↓

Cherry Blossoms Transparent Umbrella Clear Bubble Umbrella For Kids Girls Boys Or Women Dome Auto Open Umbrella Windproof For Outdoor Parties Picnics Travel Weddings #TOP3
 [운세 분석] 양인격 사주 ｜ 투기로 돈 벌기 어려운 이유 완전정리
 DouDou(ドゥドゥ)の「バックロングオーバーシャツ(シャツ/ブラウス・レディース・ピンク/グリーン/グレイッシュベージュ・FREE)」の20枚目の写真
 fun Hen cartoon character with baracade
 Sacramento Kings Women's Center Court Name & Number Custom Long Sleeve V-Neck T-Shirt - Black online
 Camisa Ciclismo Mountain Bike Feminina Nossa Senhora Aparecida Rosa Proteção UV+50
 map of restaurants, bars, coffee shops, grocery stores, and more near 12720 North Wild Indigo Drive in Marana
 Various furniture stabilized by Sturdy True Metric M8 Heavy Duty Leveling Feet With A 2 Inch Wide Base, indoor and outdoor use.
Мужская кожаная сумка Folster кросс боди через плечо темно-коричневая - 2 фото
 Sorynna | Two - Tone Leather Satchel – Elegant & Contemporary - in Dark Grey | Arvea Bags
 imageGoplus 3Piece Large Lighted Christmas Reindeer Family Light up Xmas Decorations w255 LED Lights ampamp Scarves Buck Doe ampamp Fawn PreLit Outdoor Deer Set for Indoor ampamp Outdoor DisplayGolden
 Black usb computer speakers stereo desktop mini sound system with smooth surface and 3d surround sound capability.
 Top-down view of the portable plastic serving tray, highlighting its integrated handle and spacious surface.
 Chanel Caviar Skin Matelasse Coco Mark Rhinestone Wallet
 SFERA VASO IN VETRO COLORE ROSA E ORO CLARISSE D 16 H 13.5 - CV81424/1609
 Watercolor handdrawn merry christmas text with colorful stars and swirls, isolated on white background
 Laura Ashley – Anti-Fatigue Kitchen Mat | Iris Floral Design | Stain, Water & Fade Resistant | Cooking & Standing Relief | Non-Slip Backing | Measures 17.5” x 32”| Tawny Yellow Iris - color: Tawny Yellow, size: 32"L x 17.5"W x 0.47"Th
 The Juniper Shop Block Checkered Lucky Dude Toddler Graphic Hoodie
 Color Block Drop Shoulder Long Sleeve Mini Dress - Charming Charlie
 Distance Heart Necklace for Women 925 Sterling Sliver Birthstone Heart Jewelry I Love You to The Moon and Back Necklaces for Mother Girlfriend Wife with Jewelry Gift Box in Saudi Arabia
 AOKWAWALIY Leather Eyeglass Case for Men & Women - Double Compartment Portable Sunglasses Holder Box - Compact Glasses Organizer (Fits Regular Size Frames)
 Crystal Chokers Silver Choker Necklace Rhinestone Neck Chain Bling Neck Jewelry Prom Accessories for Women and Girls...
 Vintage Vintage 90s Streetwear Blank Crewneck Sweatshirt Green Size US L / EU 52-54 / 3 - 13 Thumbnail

↑

Instructions for the task: Look through the records above and please copy every line in which the string "Necklace" occurs.

Completed task:
 Distance Heart Necklace for Women 925 Sterling Sliver Birthstone Heart Jewelry I Love You to The Moon and Back Necklaces for Mother Girlfriend Wife with Jewelry Gift Box in Saudi Arabia
 Crystal Chokers Silver Choker Necklace Rhinestone Neck Chain Bling Neck Jewelry Prom Accessories for Women and Girls...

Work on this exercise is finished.